June, 14, 2023, Karlsruhe--カールスルーエ工科大学(KIT)で開発されたプロセスは、直接半導体チップにプリントできるナノメートルの微細石英ガラス構造体を作る。ハイブリッド有機ー無機ポリマレジンは、二酸化ケイ素の3Dプリンティング出発材として役立つ。そのプロセスは、焼結を必要としないので必要な温度は著しく低い。同時に、高分解能が可視光のナノフォトニクスを可能にする。チームは、Scienceに成果を発表した。

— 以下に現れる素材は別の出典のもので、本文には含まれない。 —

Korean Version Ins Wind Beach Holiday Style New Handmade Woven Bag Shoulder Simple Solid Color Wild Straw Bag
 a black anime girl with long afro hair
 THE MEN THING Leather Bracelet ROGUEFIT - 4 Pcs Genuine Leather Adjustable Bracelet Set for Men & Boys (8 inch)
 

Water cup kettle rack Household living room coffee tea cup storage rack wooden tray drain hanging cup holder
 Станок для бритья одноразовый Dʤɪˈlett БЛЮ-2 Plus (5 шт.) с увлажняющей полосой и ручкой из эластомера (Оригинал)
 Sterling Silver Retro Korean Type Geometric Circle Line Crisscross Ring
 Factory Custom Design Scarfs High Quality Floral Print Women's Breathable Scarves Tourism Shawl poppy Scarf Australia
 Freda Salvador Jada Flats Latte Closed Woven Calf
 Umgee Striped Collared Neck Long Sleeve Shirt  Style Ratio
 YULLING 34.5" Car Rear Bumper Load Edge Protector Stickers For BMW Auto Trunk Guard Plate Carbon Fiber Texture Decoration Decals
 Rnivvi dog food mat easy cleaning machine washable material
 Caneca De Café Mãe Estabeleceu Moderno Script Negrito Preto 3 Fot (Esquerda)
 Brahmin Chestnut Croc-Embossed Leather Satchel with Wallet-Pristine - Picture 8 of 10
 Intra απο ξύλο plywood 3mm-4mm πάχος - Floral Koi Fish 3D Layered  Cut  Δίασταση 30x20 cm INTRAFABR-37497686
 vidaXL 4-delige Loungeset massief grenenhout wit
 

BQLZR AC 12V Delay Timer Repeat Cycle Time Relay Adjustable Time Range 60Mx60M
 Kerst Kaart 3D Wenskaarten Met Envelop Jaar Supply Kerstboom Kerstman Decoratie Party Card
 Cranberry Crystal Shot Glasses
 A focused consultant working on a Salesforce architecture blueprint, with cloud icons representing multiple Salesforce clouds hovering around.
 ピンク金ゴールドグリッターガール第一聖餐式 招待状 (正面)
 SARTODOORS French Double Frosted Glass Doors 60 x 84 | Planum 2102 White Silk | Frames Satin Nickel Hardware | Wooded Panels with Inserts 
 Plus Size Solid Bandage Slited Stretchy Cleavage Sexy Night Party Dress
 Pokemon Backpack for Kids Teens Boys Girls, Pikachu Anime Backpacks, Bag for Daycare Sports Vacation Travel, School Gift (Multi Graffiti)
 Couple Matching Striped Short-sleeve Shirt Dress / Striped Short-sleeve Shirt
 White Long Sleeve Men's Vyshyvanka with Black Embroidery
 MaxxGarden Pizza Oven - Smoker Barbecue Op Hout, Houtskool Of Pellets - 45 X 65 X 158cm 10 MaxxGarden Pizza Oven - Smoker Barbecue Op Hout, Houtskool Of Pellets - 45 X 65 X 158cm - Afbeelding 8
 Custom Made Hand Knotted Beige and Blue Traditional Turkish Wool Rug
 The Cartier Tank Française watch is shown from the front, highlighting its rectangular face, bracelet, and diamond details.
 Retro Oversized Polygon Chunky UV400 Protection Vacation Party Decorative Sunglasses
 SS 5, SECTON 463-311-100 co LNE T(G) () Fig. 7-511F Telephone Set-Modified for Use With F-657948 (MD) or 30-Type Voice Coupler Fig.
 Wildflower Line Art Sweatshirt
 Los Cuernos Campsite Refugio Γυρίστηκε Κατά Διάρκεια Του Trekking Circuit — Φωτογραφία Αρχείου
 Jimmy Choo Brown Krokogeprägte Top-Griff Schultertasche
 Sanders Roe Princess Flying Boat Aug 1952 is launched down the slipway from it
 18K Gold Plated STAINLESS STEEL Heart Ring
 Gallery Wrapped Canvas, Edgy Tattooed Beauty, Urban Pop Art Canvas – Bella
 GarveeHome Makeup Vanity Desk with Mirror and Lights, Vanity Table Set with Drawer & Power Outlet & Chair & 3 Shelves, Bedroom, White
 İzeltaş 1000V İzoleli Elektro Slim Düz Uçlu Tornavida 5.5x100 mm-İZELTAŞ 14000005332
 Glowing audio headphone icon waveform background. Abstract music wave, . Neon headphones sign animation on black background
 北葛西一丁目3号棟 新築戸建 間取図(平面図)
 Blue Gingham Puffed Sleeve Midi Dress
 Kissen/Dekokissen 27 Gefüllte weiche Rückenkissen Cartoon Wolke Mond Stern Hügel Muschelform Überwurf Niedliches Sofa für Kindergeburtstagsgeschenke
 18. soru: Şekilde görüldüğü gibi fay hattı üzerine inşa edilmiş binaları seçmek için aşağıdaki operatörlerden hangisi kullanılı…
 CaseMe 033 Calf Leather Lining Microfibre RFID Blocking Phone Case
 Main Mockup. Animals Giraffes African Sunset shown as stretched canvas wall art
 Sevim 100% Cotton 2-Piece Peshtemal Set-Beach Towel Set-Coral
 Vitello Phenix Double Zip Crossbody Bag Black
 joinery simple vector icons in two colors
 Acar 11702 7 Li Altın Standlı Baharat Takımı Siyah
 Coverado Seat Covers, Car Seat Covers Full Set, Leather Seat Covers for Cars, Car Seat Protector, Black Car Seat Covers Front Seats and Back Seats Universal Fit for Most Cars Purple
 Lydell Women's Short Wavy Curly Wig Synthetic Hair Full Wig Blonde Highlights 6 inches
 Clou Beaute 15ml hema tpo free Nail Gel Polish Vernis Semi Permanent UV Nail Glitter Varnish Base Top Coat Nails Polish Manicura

マイクロメートルおよびナノメートルの微細構造で純粋二酸化ケイ素でできた石英ガラスのプリンティングは、オプティクス、フォトニクス、半導体などのアプリケーションに新しい機会を開く。しかし、今までは、従来の焼結ベースの技術が優勢だった。二酸化ケイ素ナノ粒子焼結に必要な温度は、1100℃を上回り、熱すぎて半導体チップに直接蒸着できない。KIT Institute of Nanotechnology (INT)のDr. Jens Bauerをリーダーとするチームは、今回、新しいプロセスを開発した。これにより、非常に低い温度で高分解能、優れた機械的特性の透明石英ガラス製造が可能になる。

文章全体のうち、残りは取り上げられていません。